DATA SHOWN.

- - - - -

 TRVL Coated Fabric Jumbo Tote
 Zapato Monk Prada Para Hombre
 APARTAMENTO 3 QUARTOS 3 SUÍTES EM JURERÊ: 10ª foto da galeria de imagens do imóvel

- - - - -

TASK GOAL. Where the line containing "Zapato Monk Prada Para Hombre" appears, begin a word-for-word copy and carry it through the last line of the listing, leaving out all other lines.

EXERCISE RESPONSE.
 Zapato Monk Prada Para Hombre
 APARTAMENTO 3 QUARTOS 3 SUÍTES EM JURERÊ: 10ª foto da galeria de imagens do imóvel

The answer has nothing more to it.